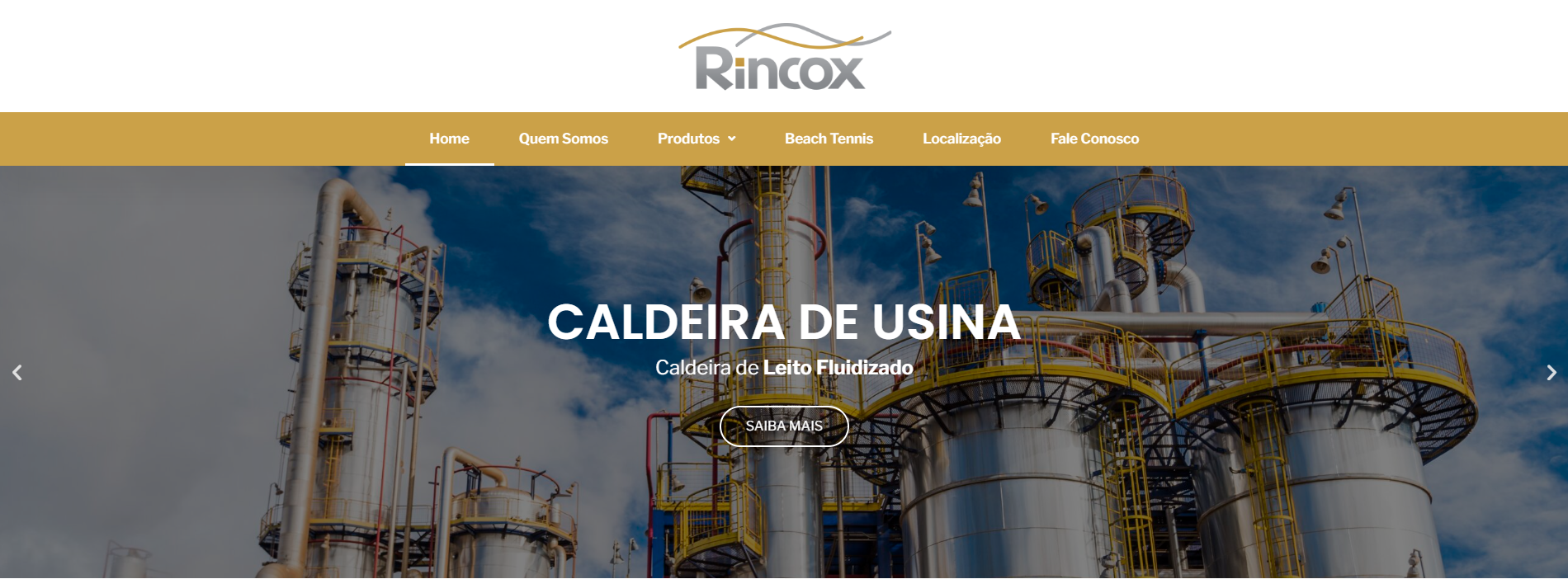 Rincox Materiais.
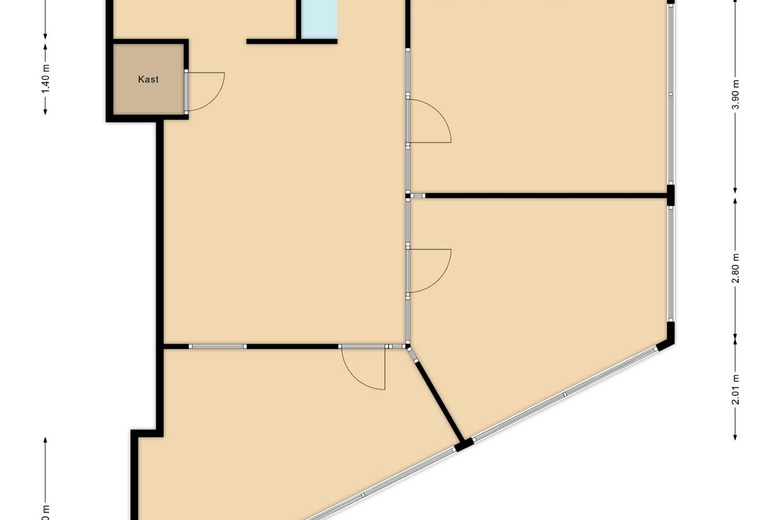 KantoorruimteaanFlevoweg 11 E<br/> inLeiden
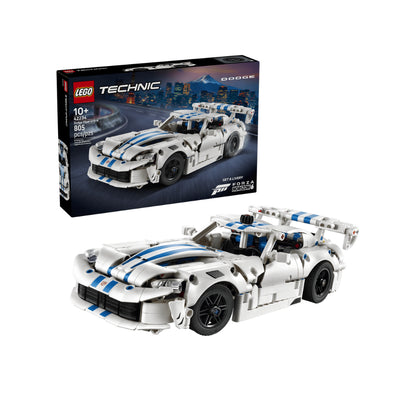 LEGO Technic Dodge Viper GTS-R Sports Car - 805 Pieces
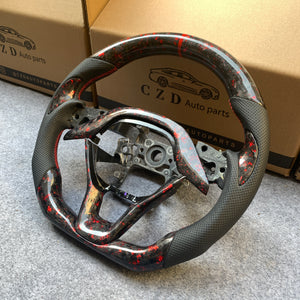 CZD Honda Insight 2019/2020/2021 carbon fiber steering wheel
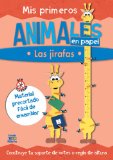 Portada de LAS JIRAFAS [WITH PUNCH OUTS] (MIS PRIMEROS ANIMALES EN PAPEL)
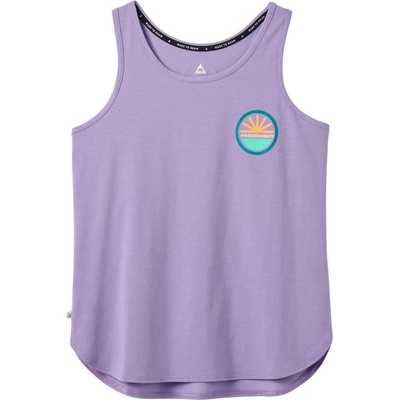 Passenger Дамски топ Passenger Women's Chase The Light Active Vest Top - Purple Haze - размер XS (916-4415-0411)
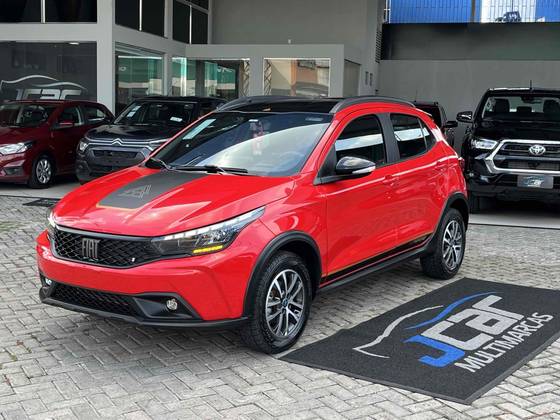 FIAT ARGO 1.3 FIREFLY FLEX TREKKING CVT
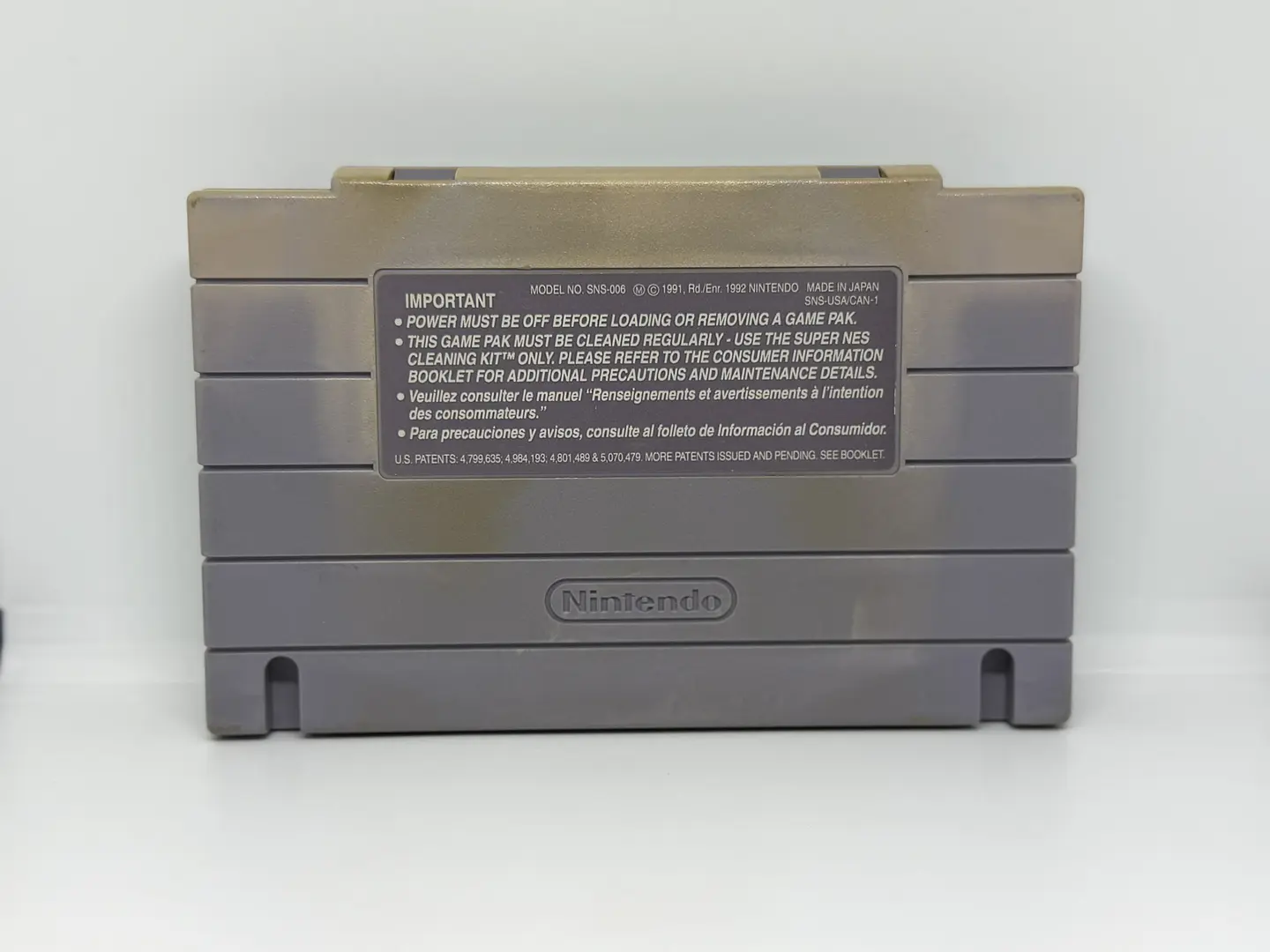 Teenage Mutant Ninja Turtles Tournament Fighters 3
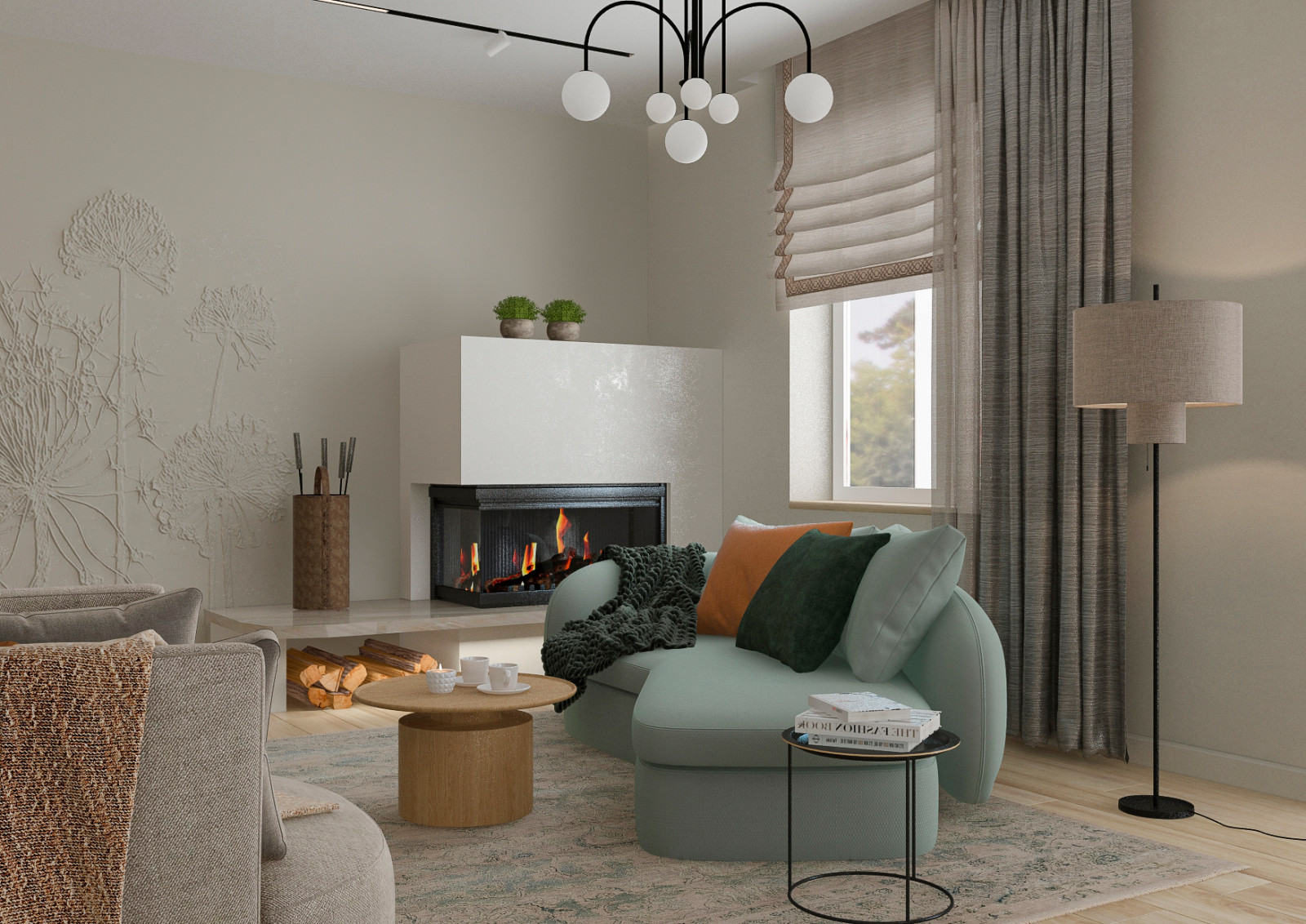 Дизайн-проект частного дома. п.Поддубное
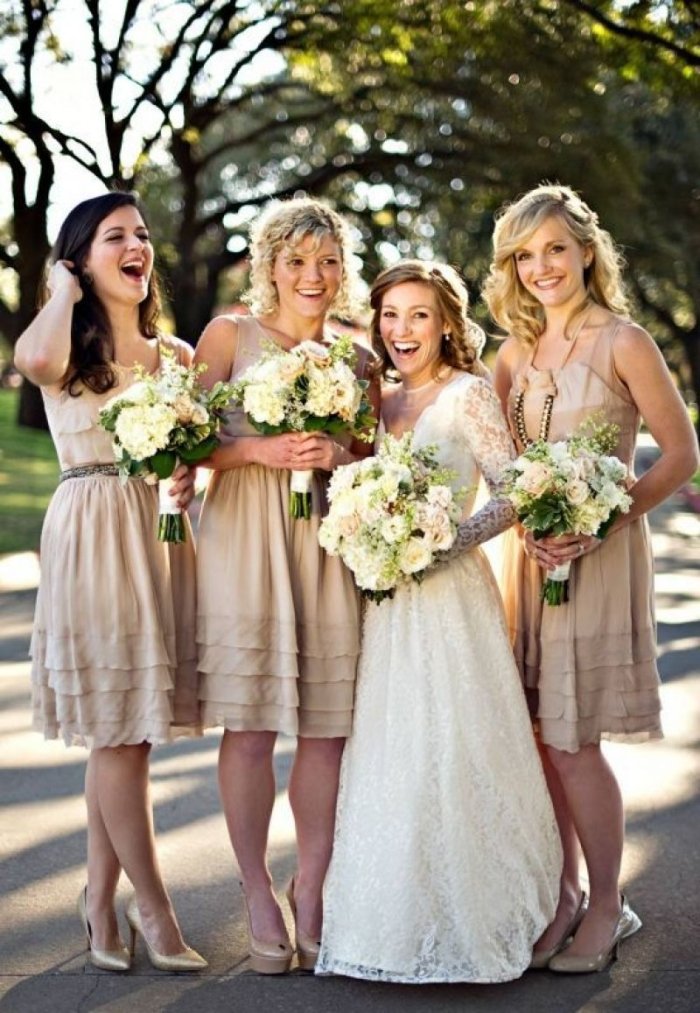 Девичник в стиле рустик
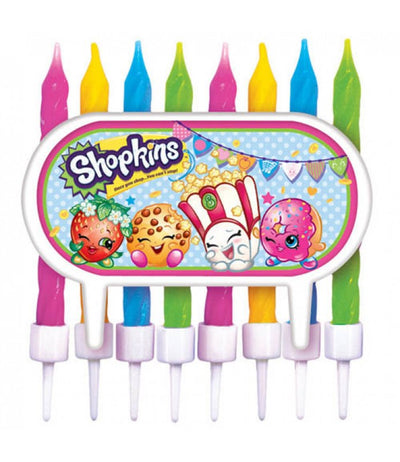 Shopkins Velas (9pc)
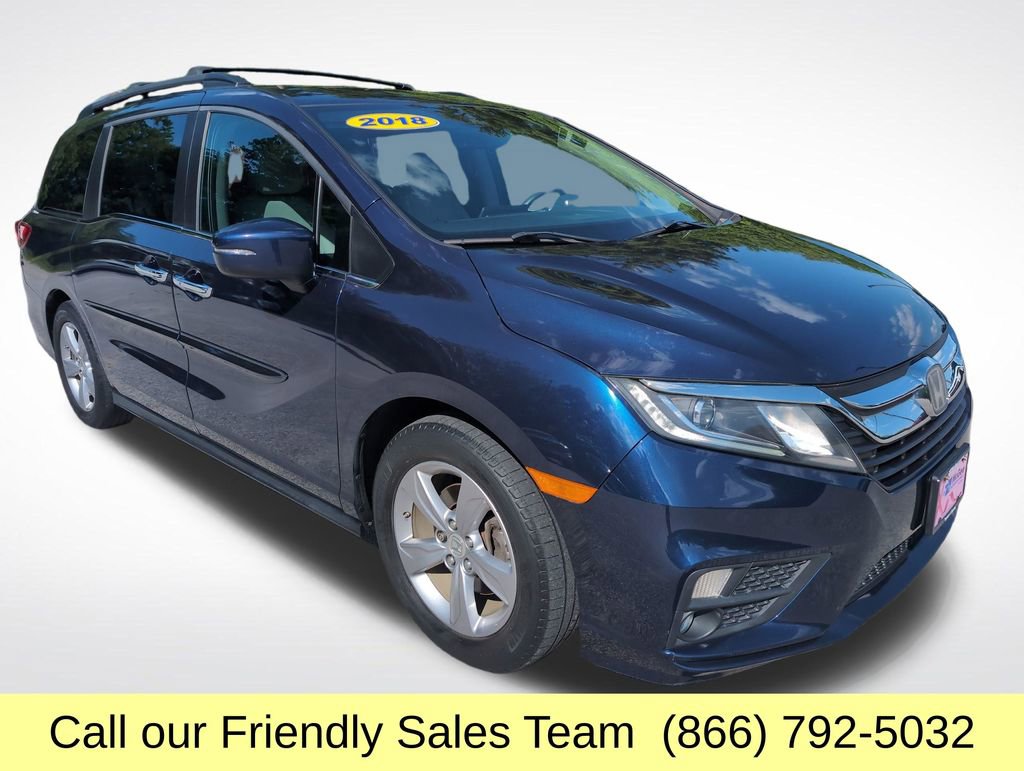 Used 2018 Honda Odyssey EX-L image 9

━━━━━━━━━━

### [WHAT TO WORK ON]
Quote the listing above in full, except for the pictures.

### [OUTPUT]
 Rincox Materiais.
 KantoorruimteaanFlevoweg 11 E<br/> inLeiden
 LEGO Technic Dodge Viper GTS-R Sports Car - 805 Pieces
 CZD Honda Insight 2019/2020/2021 carbon fiber steering wheel
 Portada de LAS JIRAFAS [WITH PUNCH OUTS] (MIS PRIMEROS ANIMALES EN PAPEL)
 Passenger Дамски топ Passenger Women's Chase The Light Active Vest Top - Purple Haze - размер XS (916-4415-0411)
 FIAT ARGO 1.3 FIREFLY FLEX TREKKING CVT
 Teenage Mutant Ninja Turtles Tournament Fighters 3
 Дизайн-проект частного дома. п.Поддубное
 Девичник в стиле рустик
 Shopkins Velas (9pc)
 Used 2018 Honda Odyssey EX-L image 9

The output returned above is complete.